■ DATA TO PROCESS:
--*--

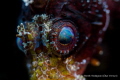 Eye of the Dwarf Lion Fish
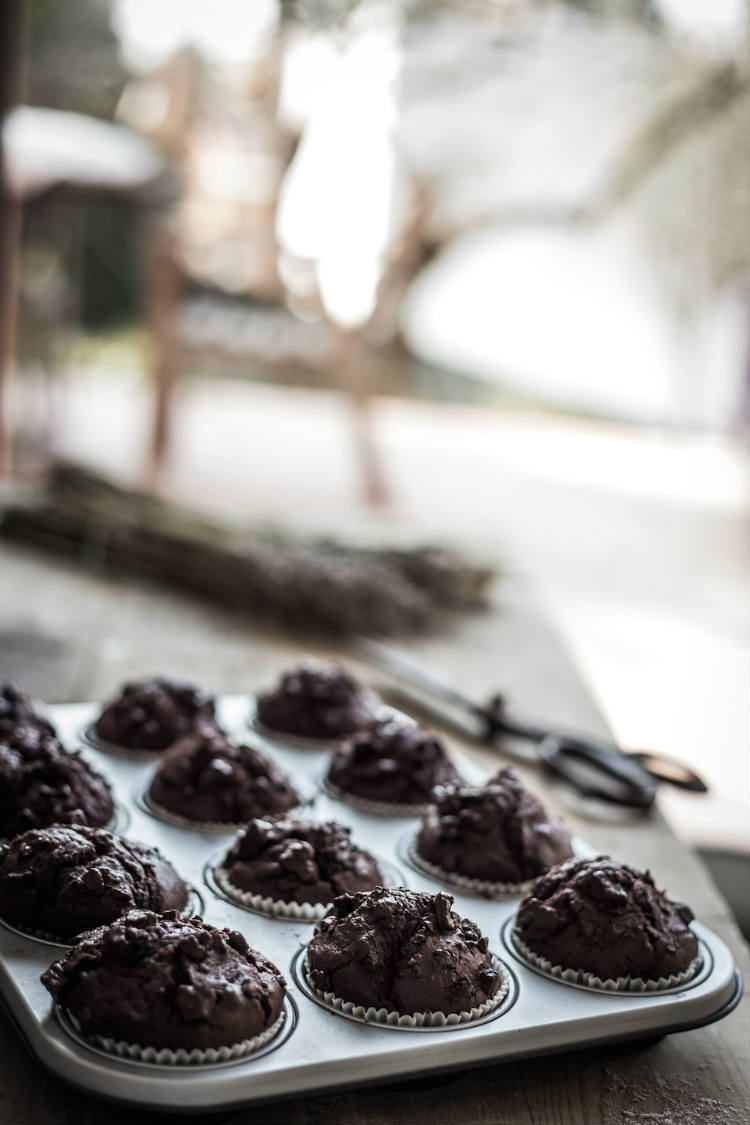 muffins de chocolate negro en bandeja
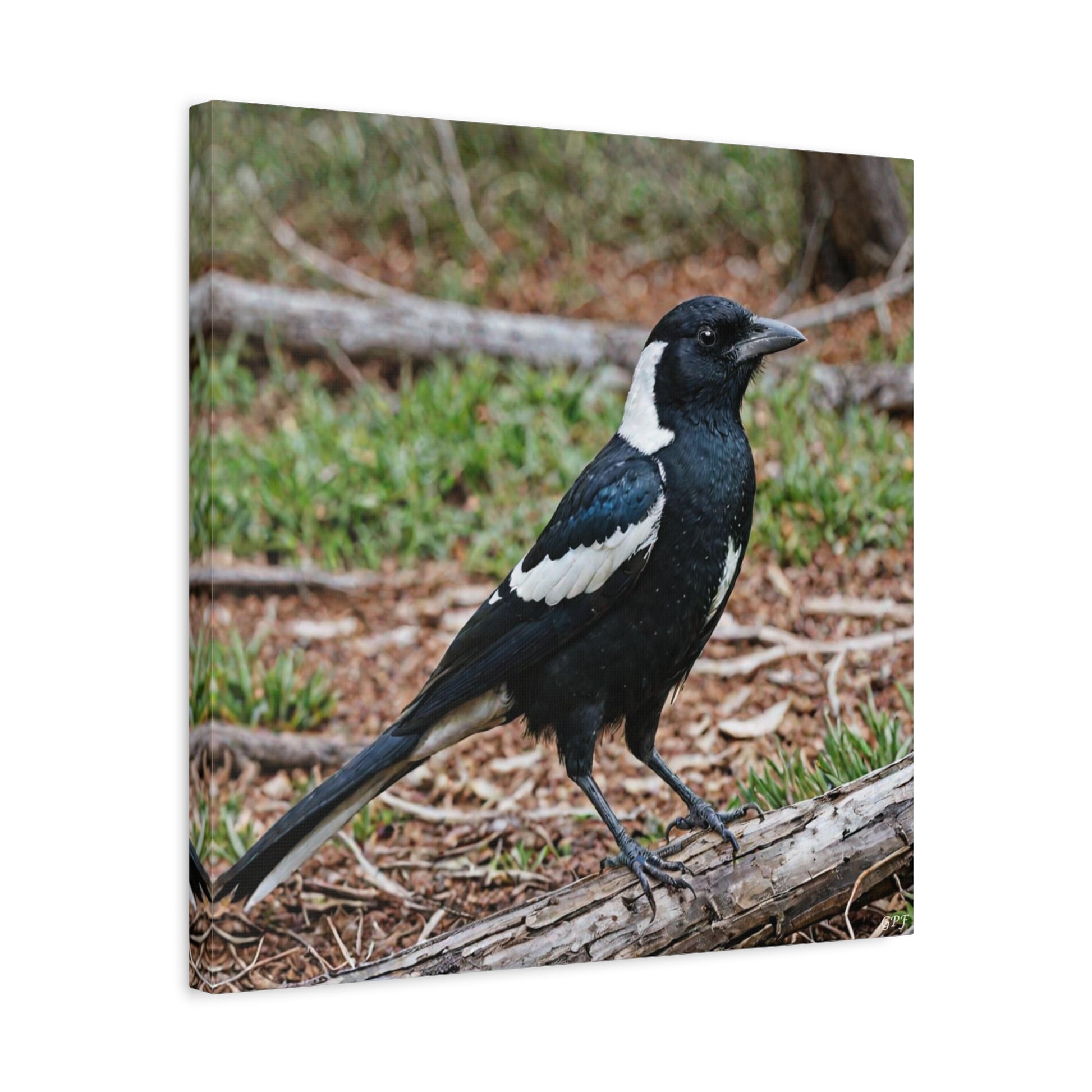 Australian Magpie (0084) - Great Pictures Framed
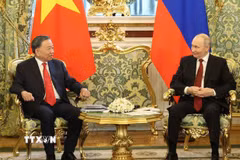 Tổng Bí thư, Chủ tịch nước Tô Lâm gặp hẹp Tổng thống Liên bang Nga Vladimir Putin. (Ảnh: Thống Nhất/TTXVN)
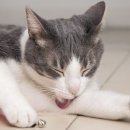 웜메디컬 이미지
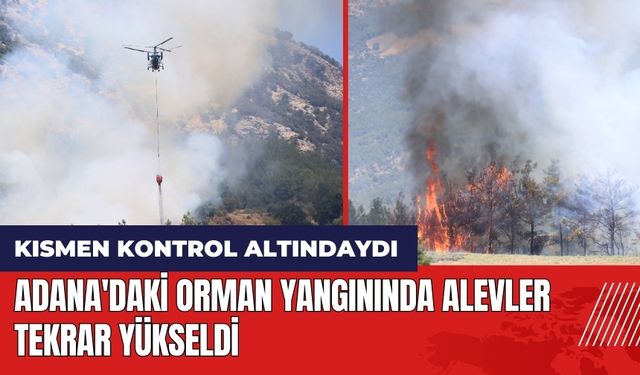 Adana'daki orman yangınında alevler tekrar yükseldi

--*--

Word for word, copy out each record; do not include pictures.

■ RESULT:
 Eye of the Dwarf Lion Fish
 muffins de chocolate negro en bandeja
 Australian Magpie (0084) - Great Pictures Framed
 Tổng Bí thư, Chủ tịch nước Tô Lâm gặp hẹp Tổng thống Liên bang Nga Vladimir Putin. (Ảnh: Thống Nhất/TTXVN)
 웜메디컬 이미지
 Adana'daki orman yangınında alevler tekrar yükseldi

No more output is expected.